In our judgment, no fair-minded observer would draw an inference of any substantial connection between Wake Smith and the BTA from this linkage on the BTA website. The suggestion of a connection between Wake Smith and Sedley LJ is fanciful.
Point (vii) draws attention to the fact that a partner in Wake Smith has co-authored the paper on compensation “posted” on the BTA website. It appears to us to be a sensible paper giving balanced information. It is obviously not a BTA document. Its provision on the site is far from suggesting a significant tie-up between Wake Smith and the BTA – even farther from suggesting any connection between Sedley LJ and Wake Smith.
Point (viii) is about Mr McCombe who gave expert evidence for the claimant. He was a co-author of the paper on compensation. No attempt was made at trial to suggest that Mr McCombe was biased. Why the point is raised now we are unable to understand – and we are unable still less to see why it suggests any connection with Sedley LJ at all.
Point (ix) is about Wake Smith’s website. It says “The Industrial Diseases Team is delighted to be associated with the BTA (link given). The BTA is a leader in providing support advice and information about BTA”. This little bit of puffery would not concern the reasonable, fully-informed observer, quite apart from the fact that it has nothing to do with Sedley LJ.
Weightmans final point (x) is simply, and inexplicably, wrong. Contrary to what is asserted, the 2008 BTA medico-legal conference was not organised by Wake Smith. The firm had a stand there and no more.

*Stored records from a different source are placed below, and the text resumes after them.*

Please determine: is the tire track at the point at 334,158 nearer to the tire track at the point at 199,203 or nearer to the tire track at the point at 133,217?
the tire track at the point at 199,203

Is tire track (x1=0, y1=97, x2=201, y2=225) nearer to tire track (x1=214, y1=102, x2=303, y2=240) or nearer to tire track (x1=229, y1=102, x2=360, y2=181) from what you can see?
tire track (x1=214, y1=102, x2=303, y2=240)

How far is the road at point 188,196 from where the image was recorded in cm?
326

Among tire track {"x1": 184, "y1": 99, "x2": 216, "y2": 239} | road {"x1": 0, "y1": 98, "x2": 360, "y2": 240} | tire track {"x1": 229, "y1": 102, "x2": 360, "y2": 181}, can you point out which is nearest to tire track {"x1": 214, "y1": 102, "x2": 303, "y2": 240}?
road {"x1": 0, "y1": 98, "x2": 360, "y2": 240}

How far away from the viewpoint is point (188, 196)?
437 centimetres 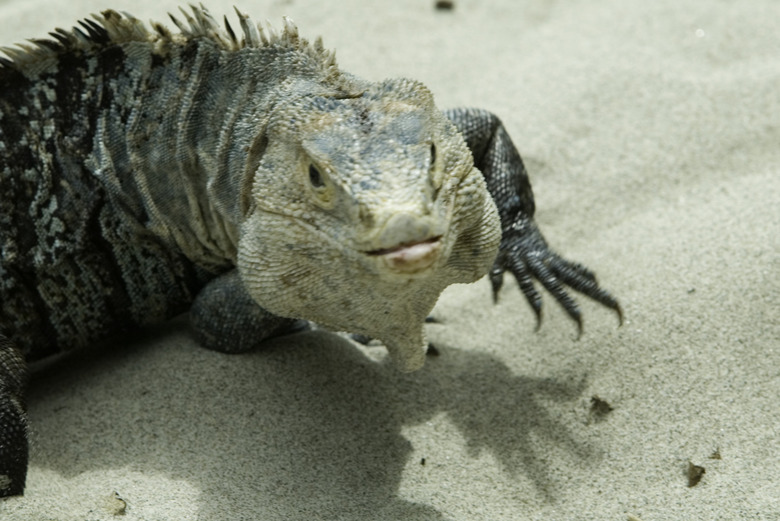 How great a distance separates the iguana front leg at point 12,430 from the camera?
4.07 meters

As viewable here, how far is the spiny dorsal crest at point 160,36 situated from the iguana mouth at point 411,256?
128cm

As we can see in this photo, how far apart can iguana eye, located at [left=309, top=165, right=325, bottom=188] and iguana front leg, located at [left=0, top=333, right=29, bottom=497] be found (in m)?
1.81

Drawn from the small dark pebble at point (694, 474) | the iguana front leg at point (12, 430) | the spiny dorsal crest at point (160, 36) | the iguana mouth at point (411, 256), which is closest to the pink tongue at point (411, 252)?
the iguana mouth at point (411, 256)

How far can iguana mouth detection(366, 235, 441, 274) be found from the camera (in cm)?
Result: 301

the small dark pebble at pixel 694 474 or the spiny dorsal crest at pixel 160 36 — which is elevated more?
the spiny dorsal crest at pixel 160 36

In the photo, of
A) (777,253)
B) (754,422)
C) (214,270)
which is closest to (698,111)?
(777,253)

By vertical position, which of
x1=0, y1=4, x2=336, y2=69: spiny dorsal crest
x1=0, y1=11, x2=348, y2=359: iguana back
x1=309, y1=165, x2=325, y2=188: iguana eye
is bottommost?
x1=0, y1=11, x2=348, y2=359: iguana back

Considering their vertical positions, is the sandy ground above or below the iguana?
below

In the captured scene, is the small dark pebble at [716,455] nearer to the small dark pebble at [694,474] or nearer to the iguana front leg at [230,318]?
the small dark pebble at [694,474]

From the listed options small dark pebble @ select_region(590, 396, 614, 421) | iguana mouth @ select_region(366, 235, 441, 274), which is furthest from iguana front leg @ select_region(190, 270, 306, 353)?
iguana mouth @ select_region(366, 235, 441, 274)

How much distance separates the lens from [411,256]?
3008 millimetres

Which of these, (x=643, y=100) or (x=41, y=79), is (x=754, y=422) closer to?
(x=643, y=100)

The upshot of all this is that the “web of links” is quite without substance. The objection on this basis should never have been made, and once made should have been dropped as soon as Sedley LJ had made his statement.
The tinnitus objection.
We turn to the objection based on the fact that Sedley LJ himself suffers from mild tinnitus and we are accepting for present purposes that this was not disclosed. It too is a point of no substance. It amounts to a contention that no judge with any particular disability should hear a case involving that disability. A judge with poor eyesight or only one eye could not hear a case about an eye injury, a judge in a wheelchair could not hear a case about an injury which made the victim wheelchair bound and so on. And, taken to its logical conclusion, the argument would meant that a disabled judge could not hear a case about disability living allowance, or a woman judge hear a case about sexual discrimination against a woman. The examples multiply.

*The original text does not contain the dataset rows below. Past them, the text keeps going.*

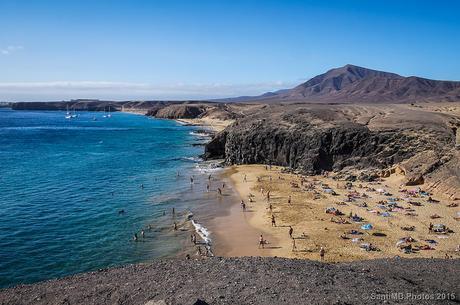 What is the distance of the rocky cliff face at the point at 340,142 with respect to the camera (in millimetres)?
50438

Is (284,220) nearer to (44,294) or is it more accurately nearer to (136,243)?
(136,243)

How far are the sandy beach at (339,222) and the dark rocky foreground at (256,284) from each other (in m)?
5.89

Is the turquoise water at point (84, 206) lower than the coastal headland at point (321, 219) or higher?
lower

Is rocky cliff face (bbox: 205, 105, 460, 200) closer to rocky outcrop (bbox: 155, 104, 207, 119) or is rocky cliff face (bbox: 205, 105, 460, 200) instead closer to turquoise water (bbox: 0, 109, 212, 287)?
turquoise water (bbox: 0, 109, 212, 287)

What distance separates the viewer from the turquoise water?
28.9 metres

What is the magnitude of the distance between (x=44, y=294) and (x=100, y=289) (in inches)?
112

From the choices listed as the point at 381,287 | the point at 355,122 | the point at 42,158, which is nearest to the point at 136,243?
the point at 381,287

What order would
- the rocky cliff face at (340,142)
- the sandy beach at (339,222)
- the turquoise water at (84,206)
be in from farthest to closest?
the rocky cliff face at (340,142) → the sandy beach at (339,222) → the turquoise water at (84,206)

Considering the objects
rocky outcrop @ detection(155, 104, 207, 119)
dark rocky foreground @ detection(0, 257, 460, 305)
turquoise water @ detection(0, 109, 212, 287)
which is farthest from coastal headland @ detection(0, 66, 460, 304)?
rocky outcrop @ detection(155, 104, 207, 119)

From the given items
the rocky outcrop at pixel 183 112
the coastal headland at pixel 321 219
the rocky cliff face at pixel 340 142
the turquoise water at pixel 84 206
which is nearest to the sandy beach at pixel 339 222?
the coastal headland at pixel 321 219

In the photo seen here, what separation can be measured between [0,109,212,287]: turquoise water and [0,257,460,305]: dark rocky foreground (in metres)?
6.10

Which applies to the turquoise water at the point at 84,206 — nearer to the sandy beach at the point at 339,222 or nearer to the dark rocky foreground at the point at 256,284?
the sandy beach at the point at 339,222

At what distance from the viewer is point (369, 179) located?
50.8 meters

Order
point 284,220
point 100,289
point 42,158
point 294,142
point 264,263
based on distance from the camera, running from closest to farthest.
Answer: point 100,289 < point 264,263 < point 284,220 < point 294,142 < point 42,158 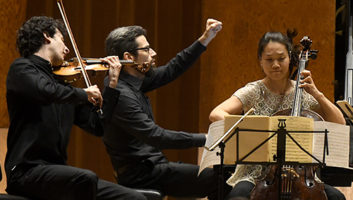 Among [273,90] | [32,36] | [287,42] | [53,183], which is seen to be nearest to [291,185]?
[273,90]

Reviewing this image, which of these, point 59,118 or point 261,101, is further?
point 261,101

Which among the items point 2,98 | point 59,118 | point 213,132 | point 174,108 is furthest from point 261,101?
point 2,98

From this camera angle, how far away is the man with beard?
3061mm

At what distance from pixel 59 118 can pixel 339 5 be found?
2.47 metres

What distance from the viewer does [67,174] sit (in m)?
2.48

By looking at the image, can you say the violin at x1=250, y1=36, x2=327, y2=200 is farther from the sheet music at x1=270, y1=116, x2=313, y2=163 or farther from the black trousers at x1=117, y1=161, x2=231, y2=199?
the black trousers at x1=117, y1=161, x2=231, y2=199

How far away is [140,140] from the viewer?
10.3ft

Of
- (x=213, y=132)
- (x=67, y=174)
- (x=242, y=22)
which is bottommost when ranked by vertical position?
(x=67, y=174)

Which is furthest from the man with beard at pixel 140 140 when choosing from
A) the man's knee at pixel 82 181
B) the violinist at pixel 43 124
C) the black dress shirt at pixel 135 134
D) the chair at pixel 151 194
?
the man's knee at pixel 82 181

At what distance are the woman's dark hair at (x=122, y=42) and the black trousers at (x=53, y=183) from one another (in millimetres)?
951

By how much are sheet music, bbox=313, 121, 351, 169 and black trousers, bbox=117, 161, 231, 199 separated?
2.26 ft

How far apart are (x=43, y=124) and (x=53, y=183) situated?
0.90 ft

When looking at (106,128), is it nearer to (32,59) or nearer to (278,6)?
(32,59)

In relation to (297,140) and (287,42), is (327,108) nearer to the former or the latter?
(287,42) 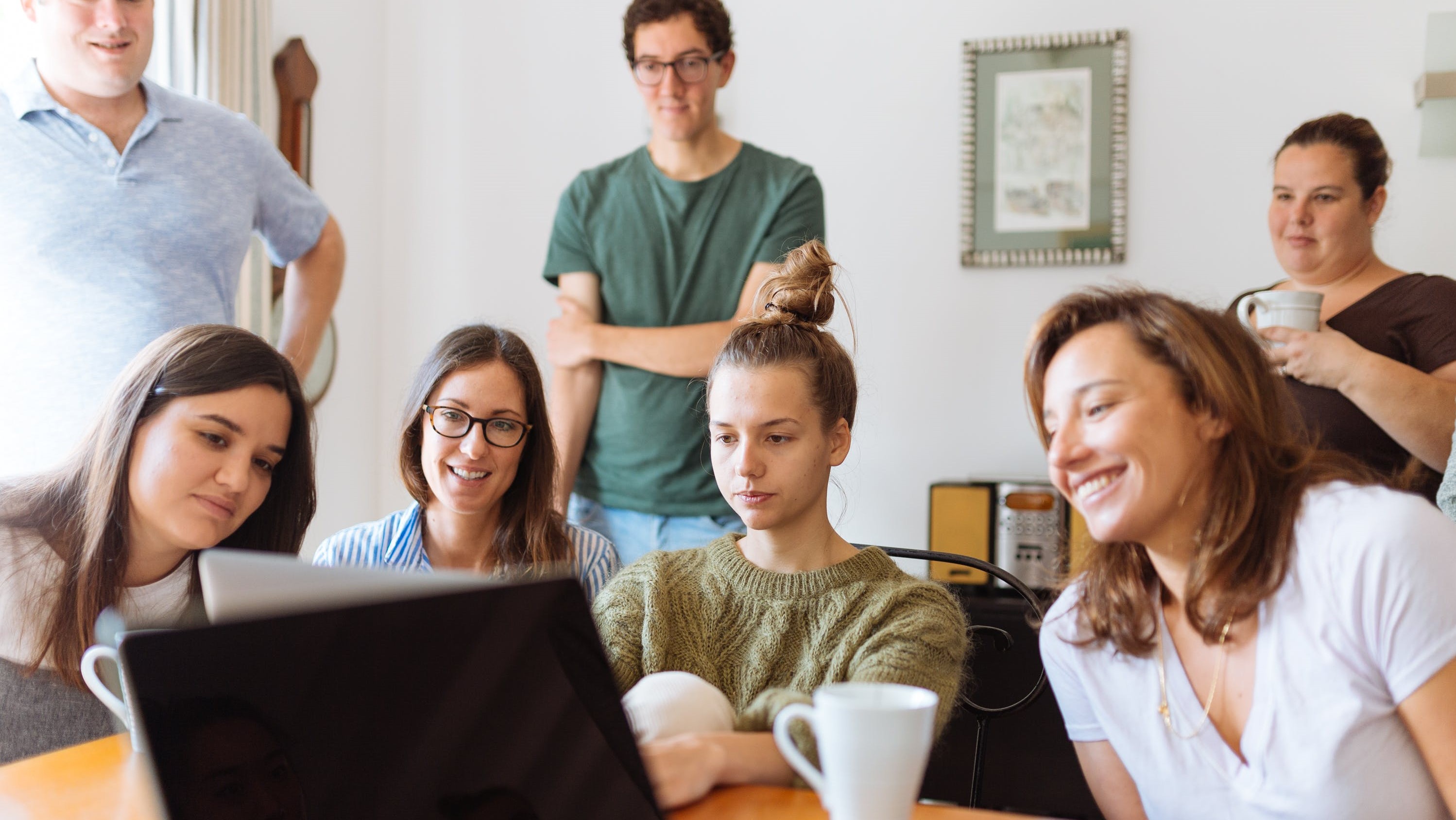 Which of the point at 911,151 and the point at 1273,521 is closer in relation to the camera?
the point at 1273,521

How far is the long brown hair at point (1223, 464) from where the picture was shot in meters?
1.07

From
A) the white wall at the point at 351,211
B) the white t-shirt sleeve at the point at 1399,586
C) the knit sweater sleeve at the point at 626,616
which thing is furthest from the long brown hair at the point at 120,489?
the white wall at the point at 351,211

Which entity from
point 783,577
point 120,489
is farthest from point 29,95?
point 783,577

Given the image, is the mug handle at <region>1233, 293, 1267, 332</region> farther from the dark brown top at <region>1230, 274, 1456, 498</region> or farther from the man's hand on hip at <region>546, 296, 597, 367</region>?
the man's hand on hip at <region>546, 296, 597, 367</region>

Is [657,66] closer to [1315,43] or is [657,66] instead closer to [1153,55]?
[1153,55]

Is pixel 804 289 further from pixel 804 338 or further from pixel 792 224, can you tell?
pixel 792 224

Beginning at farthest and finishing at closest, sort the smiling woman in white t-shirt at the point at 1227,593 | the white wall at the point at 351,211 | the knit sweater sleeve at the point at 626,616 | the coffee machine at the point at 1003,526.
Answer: the white wall at the point at 351,211
the coffee machine at the point at 1003,526
the knit sweater sleeve at the point at 626,616
the smiling woman in white t-shirt at the point at 1227,593

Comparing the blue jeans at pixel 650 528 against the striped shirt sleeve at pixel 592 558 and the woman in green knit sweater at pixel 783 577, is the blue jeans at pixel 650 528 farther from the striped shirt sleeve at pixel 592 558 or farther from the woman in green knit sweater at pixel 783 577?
the woman in green knit sweater at pixel 783 577

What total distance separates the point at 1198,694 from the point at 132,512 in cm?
129

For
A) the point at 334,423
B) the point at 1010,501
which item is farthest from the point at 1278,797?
the point at 334,423

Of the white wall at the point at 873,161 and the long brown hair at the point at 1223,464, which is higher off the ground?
the white wall at the point at 873,161

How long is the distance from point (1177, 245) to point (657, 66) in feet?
5.01

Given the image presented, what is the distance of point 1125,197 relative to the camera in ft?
9.43

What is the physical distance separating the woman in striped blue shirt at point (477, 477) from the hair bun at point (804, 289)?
43cm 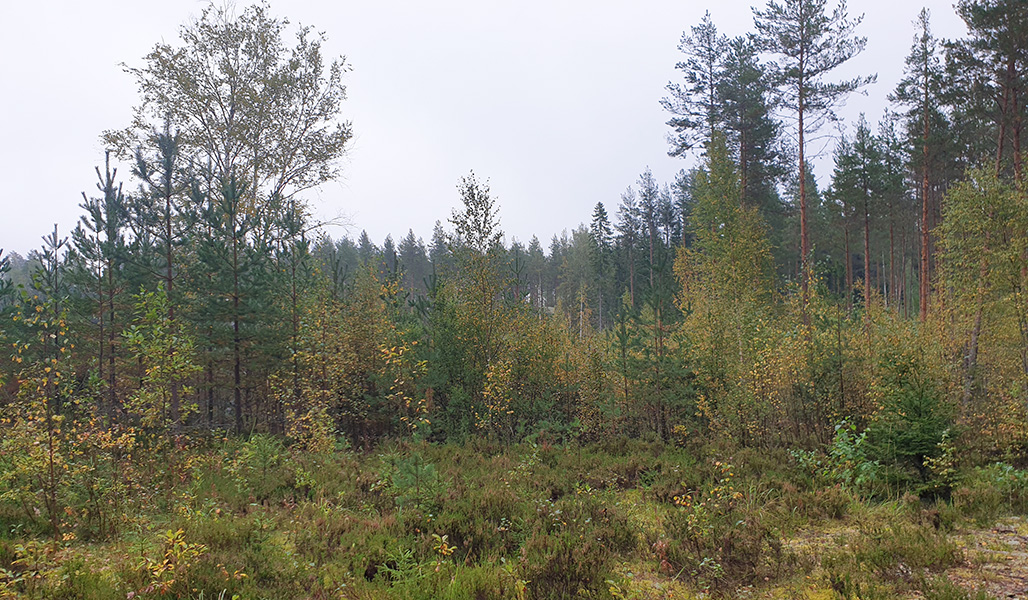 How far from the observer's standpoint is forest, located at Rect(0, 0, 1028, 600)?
15.7 feet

This objection, like that of the “web” has no substance. Coupling the one objection with the other makes no difference: zero plus zero is zero. The objections here are well on the far side of being “unduly sensitive or suspicious.”
The Delay
Sedley LJ said outset that “if you think of something make sure I know fairly soon.” In those circumstances it is particularly surprising that Weightmans say they only discovered certain of the matters relied upon two weeks after the hearing. We have unchallenged evidence from Mr Fry of Wake Smith leading to the clear inference that Mr Byard of Weightmans had visited the BTA website during the hearing. Even accepting that the matters concerned were only found two weeks later, there is no explanation of why they were not found earlier. Further, it is astonishing that, having found the material, the applicants took no action for a further five weeks. We draw the inference from this delay that the matters now relied on were not, at the time of discovery, seen as serious.
Finally, we think that this objection simply comes too late. It is not open to a party which thinks it has grounds for asking for recusal to take a leisurely approach to raising the objection. Applications for recusal go to the heart of the administration of justice and must be raised as soon as is practicable.
For all these reasons, we refused recusal. The applications were without merit.